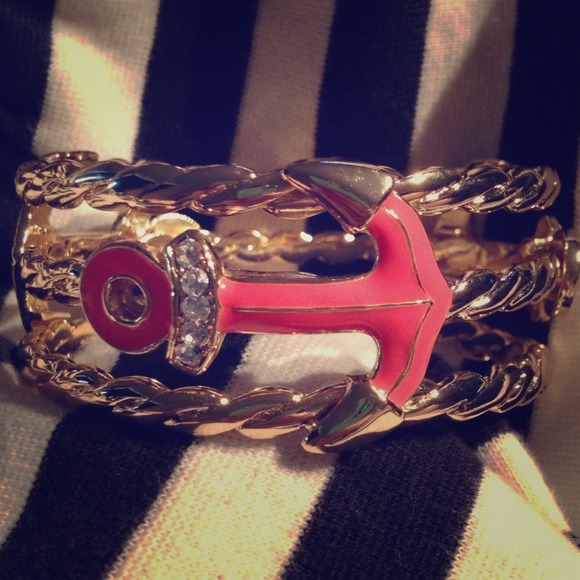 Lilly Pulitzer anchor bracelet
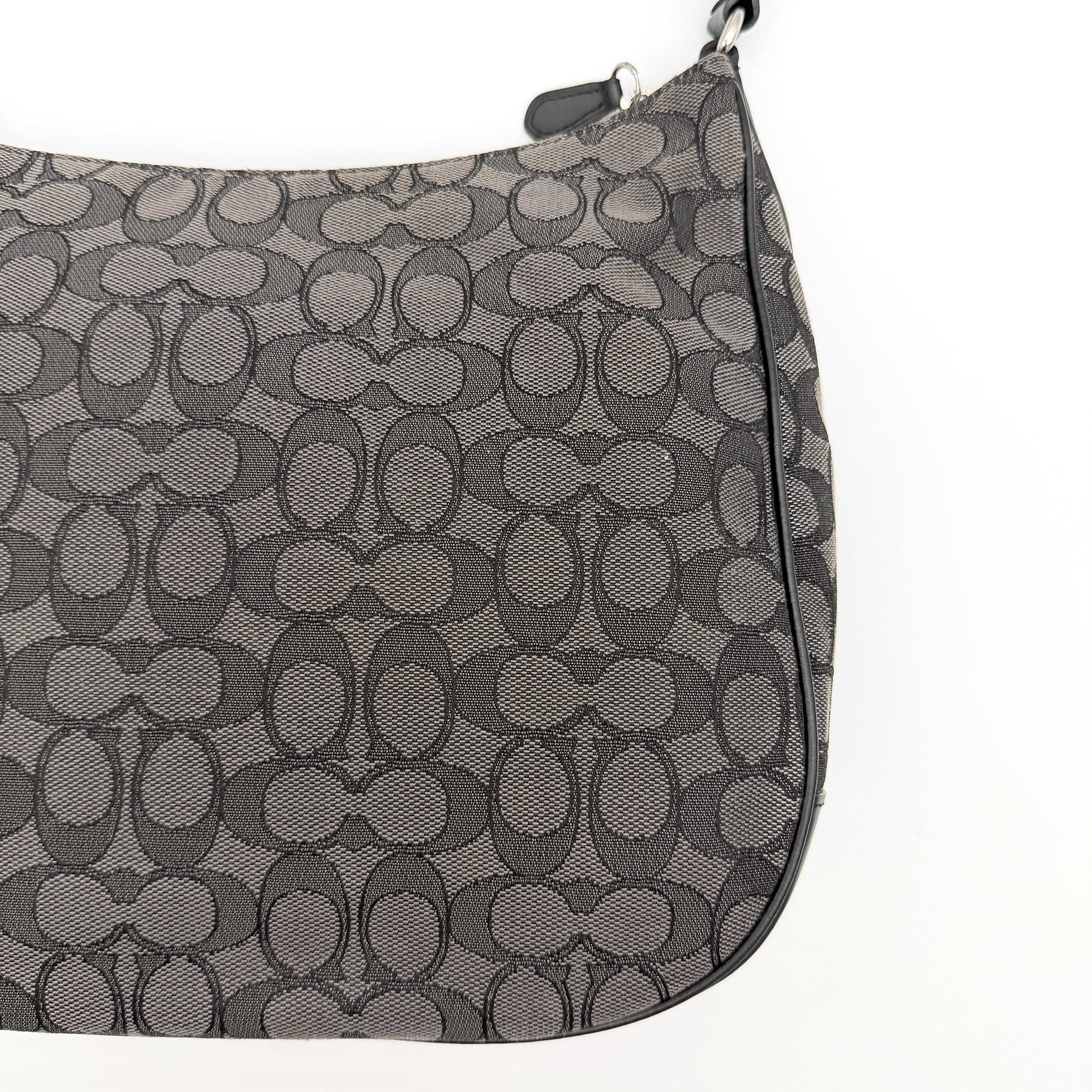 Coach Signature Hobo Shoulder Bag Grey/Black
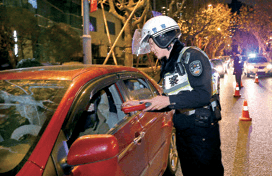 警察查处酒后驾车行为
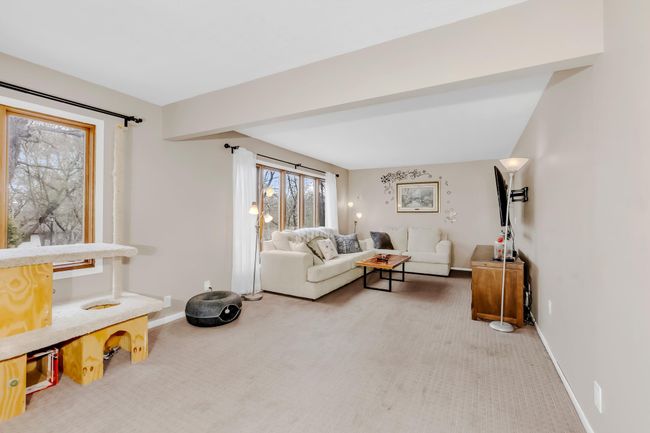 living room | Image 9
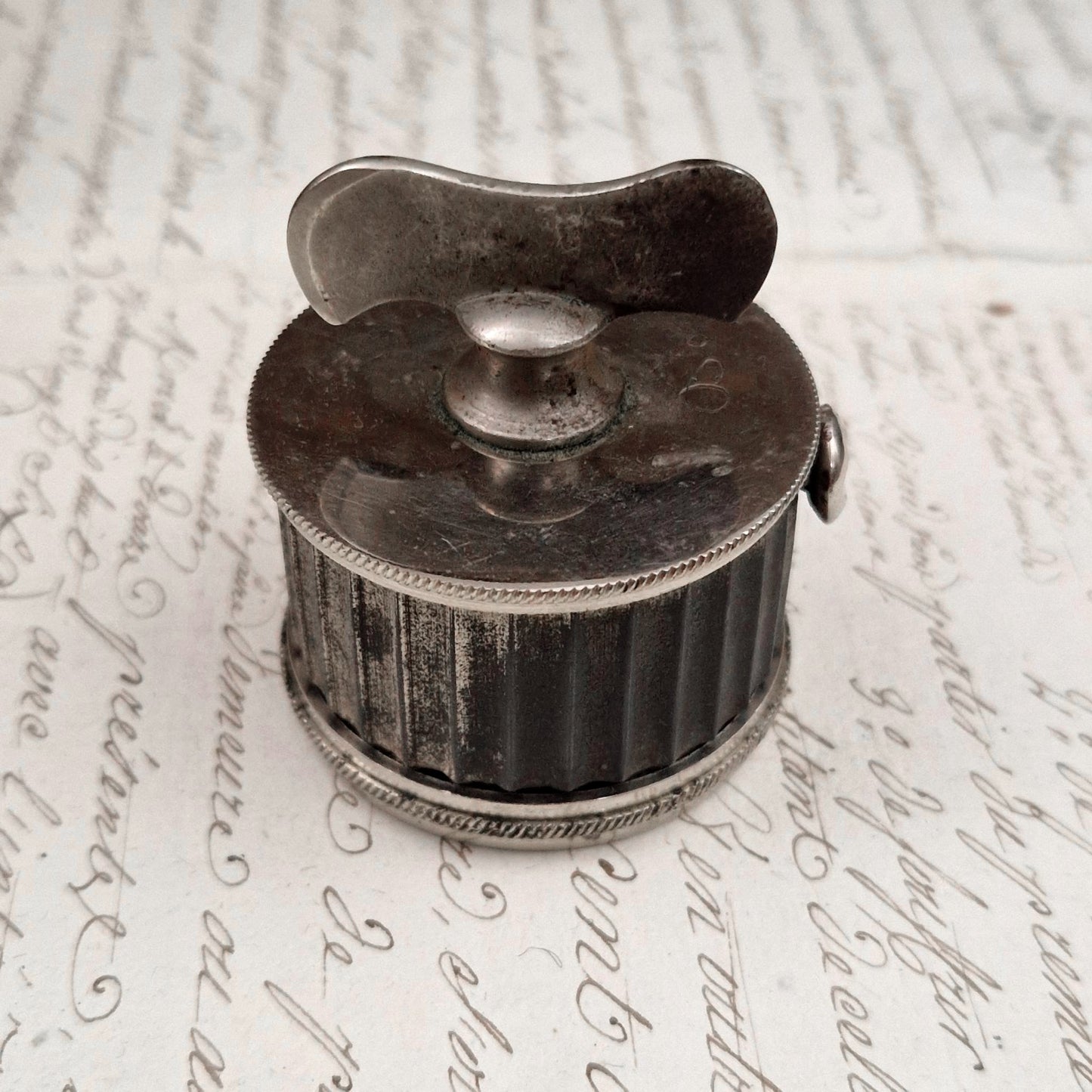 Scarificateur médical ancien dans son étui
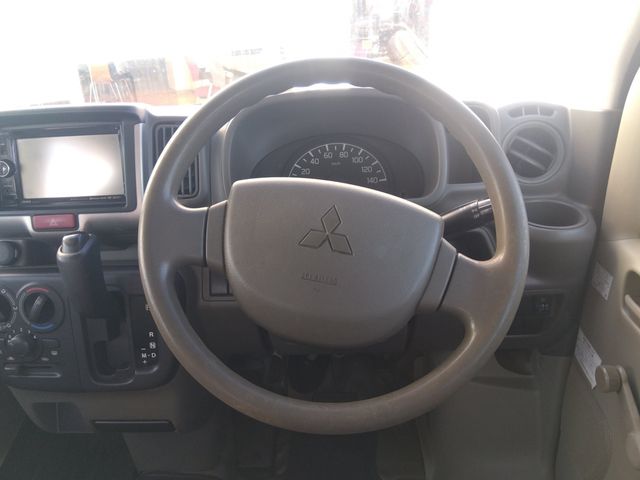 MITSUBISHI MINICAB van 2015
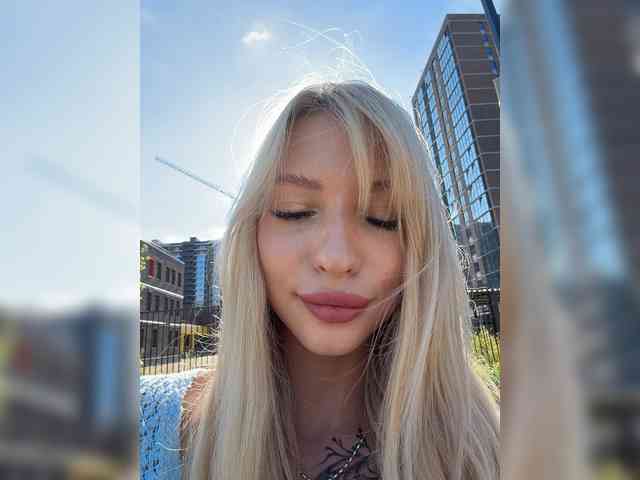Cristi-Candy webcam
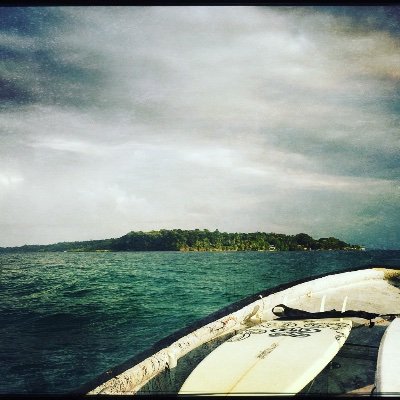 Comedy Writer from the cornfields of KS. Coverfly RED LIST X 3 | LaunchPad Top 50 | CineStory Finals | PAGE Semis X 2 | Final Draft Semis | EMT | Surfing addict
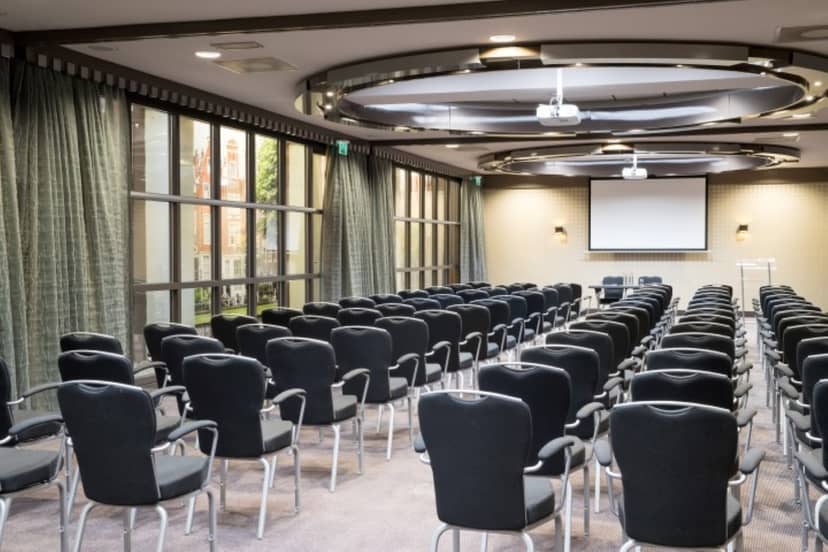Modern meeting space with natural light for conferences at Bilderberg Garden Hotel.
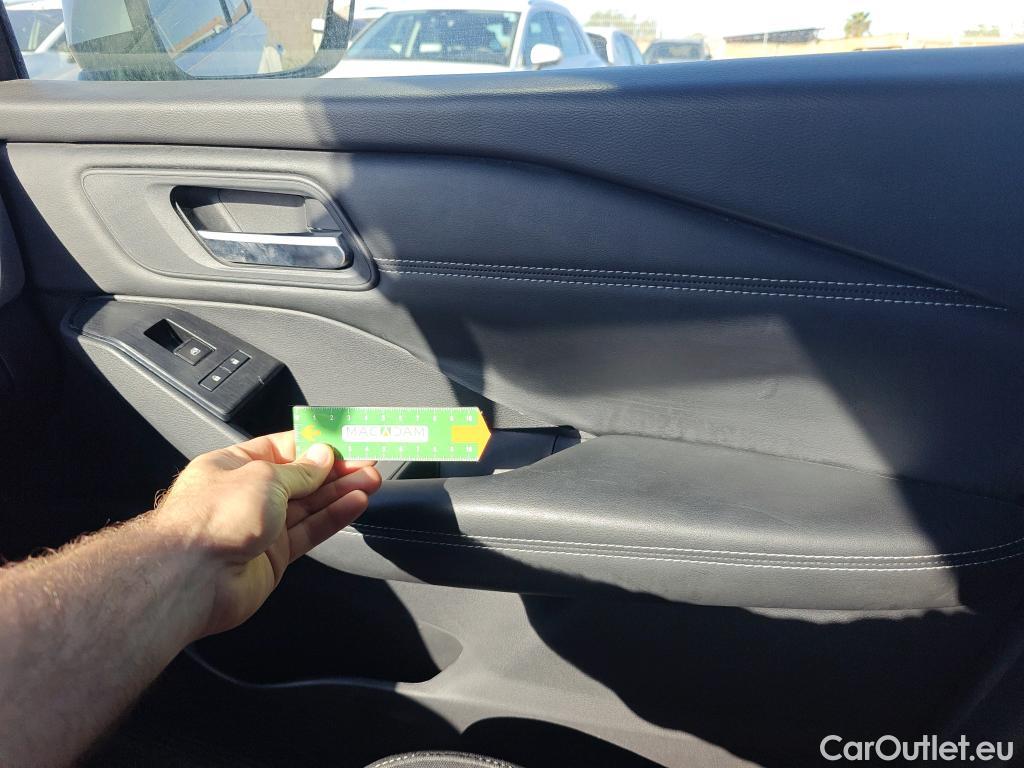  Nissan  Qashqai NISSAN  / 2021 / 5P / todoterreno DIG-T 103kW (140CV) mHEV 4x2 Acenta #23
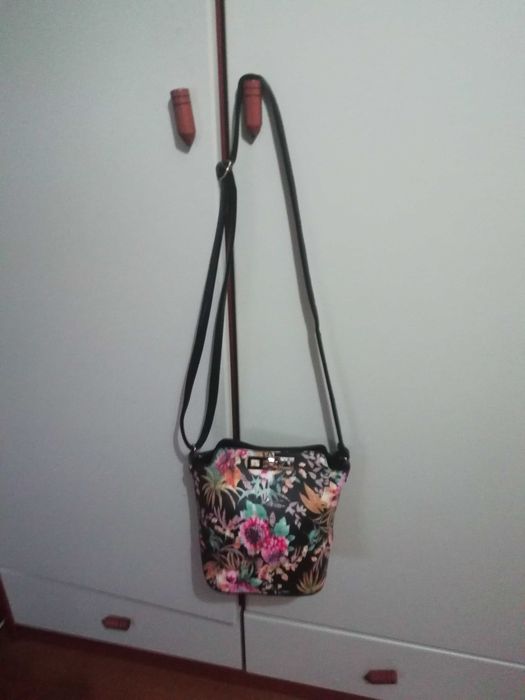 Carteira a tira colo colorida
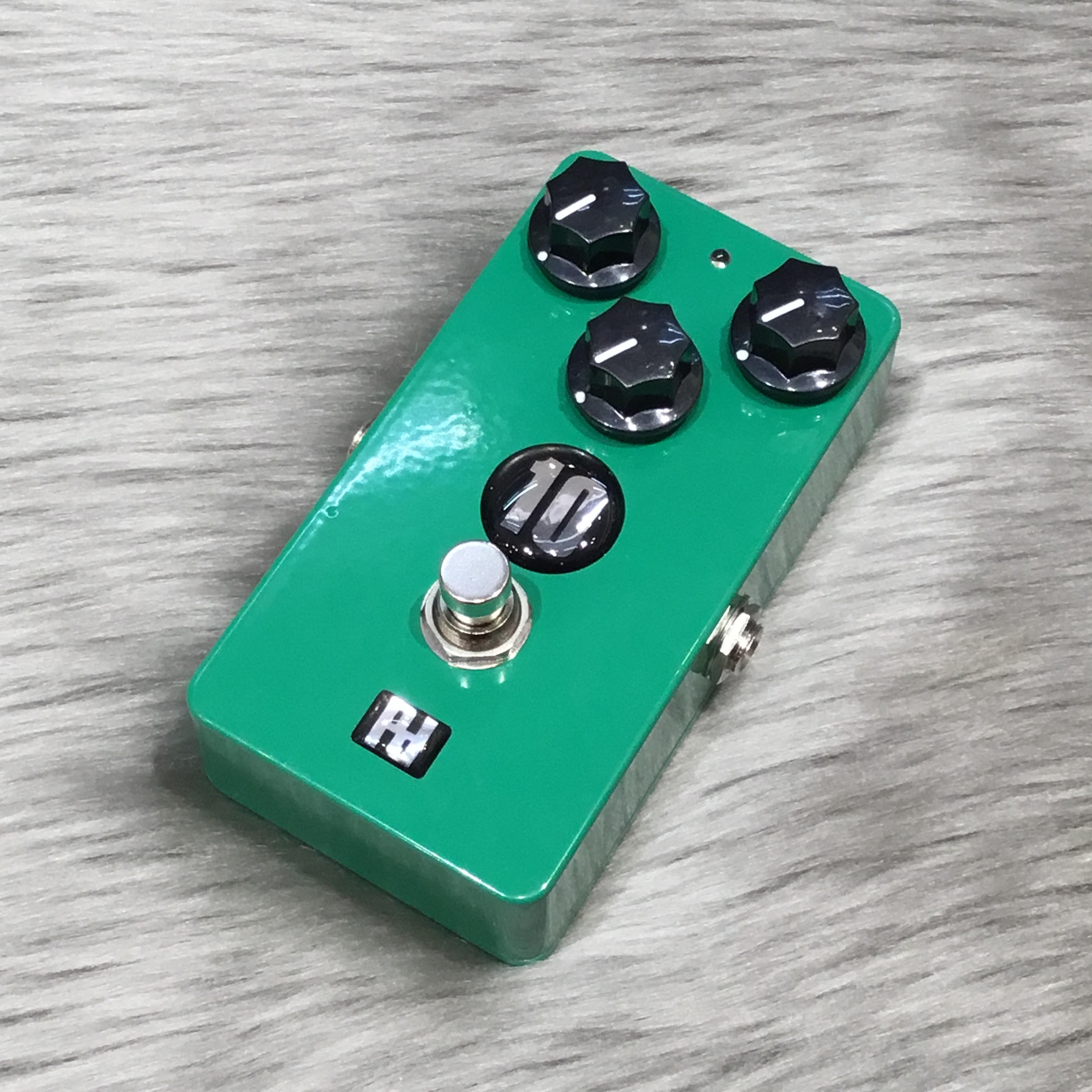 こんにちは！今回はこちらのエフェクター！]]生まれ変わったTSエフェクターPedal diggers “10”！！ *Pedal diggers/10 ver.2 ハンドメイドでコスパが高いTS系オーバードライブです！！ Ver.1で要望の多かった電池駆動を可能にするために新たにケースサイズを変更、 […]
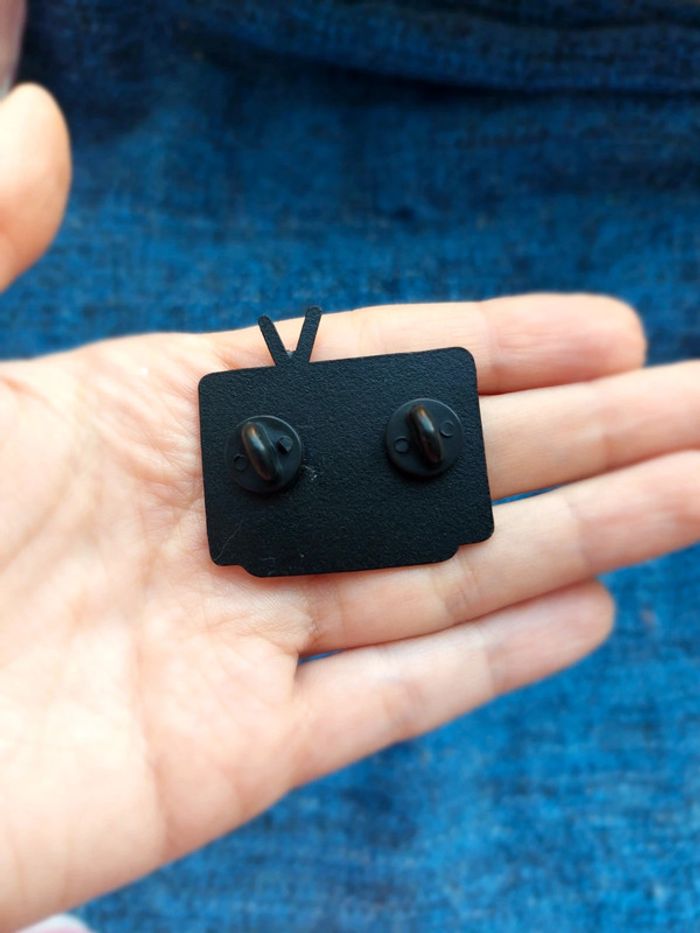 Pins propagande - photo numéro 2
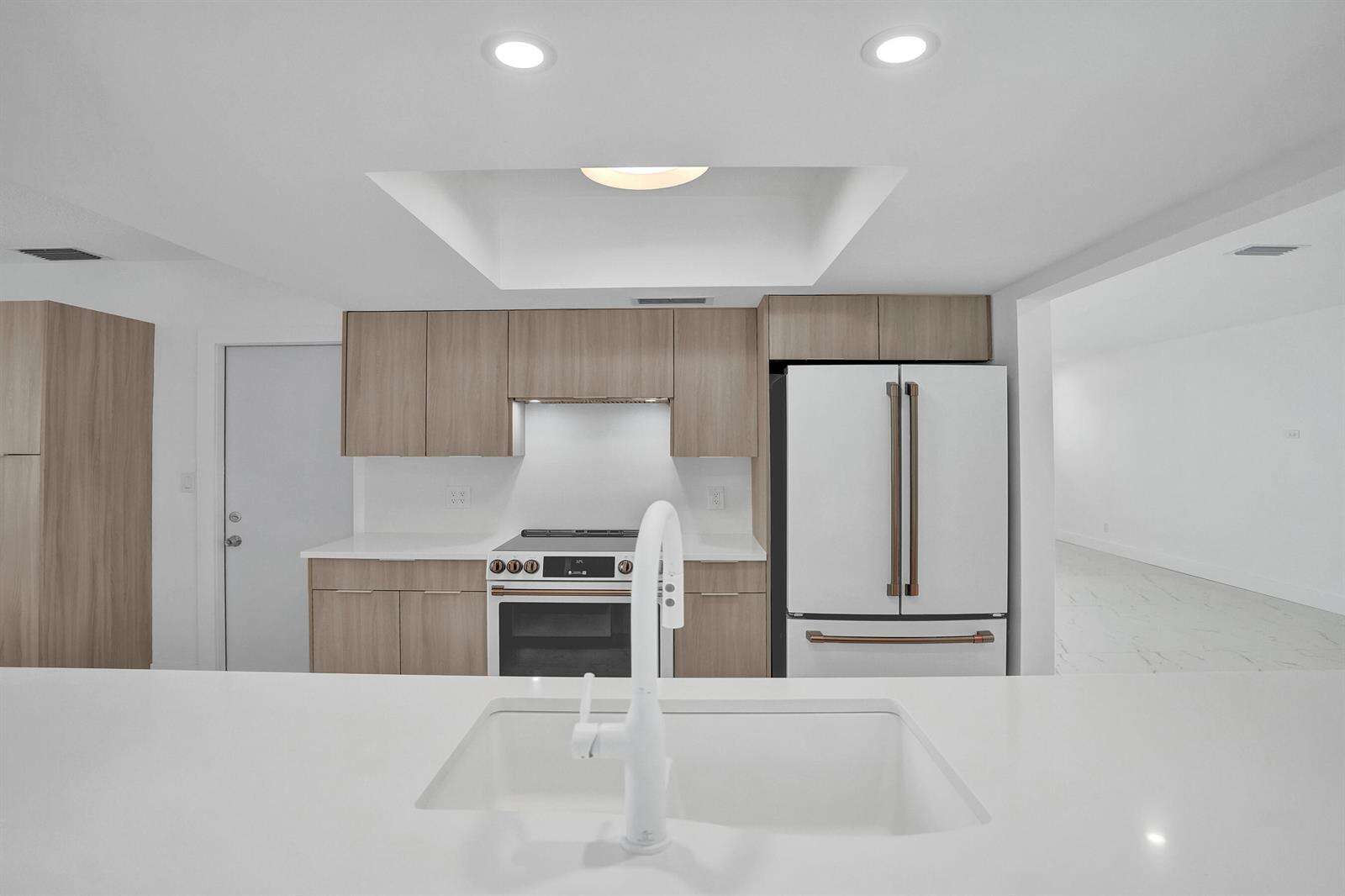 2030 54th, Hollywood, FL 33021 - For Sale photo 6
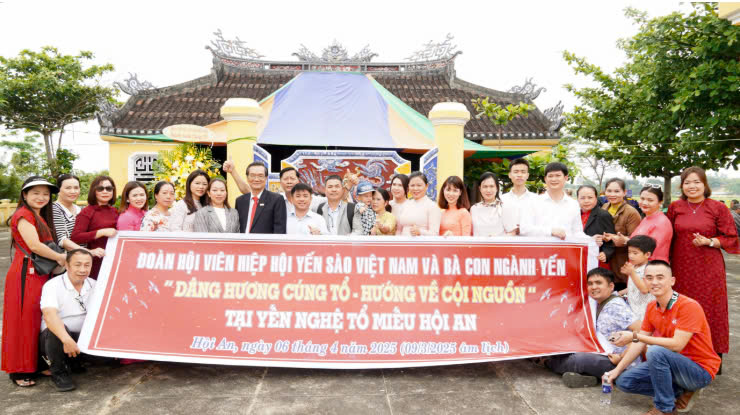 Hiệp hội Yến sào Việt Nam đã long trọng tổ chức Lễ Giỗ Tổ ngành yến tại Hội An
##############################
> WORK TO BE COMPLETED
Only the lines from the start of the records to the line with "Cristi-Candy webcam" belong in the copy. Print them exactly, minus pictures.

> FINAL ANSWER
 Lilly Pulitzer anchor bracelet
 Coach Signature Hobo Shoulder Bag Grey/Black
 警察查处酒后驾车行为
 living room | Image 9
 Scarificateur médical ancien dans son étui
 MITSUBISHI MINICAB van 2015
Cristi-Candy webcam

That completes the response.